**Assigned task**
Output only the lines below from the one containing "Zauninstallateur Zaunbauer Fence" to the one containing "Captain Dan Miller", exactly as written, both ends kept.
===== Listed records =====
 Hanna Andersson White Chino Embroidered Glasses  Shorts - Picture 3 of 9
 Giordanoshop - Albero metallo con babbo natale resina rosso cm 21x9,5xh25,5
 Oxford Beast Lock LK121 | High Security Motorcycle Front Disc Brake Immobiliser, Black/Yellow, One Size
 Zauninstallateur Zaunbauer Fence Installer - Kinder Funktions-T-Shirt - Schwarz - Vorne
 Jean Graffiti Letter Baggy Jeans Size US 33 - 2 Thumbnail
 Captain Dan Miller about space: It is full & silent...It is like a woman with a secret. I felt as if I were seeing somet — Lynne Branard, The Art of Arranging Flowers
=====
===== Listed records =====
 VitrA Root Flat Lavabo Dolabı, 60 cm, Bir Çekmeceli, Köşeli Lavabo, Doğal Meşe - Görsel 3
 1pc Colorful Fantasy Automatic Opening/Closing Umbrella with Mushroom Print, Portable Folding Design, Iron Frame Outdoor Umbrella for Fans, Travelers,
=====
**Solution to this problem**
 Zauninstallateur Zaunbauer Fence Installer - Kinder Funktions-T-Shirt - Schwarz - Vorne
 Jean Graffiti Letter Baggy Jeans Size US 33 - 2 Thumbnail
 Captain Dan Miller about space: It is full & silent...It is like a woman with a secret. I felt as if I were seeing somet — Lynne Branard, The Art of Arranging Flowers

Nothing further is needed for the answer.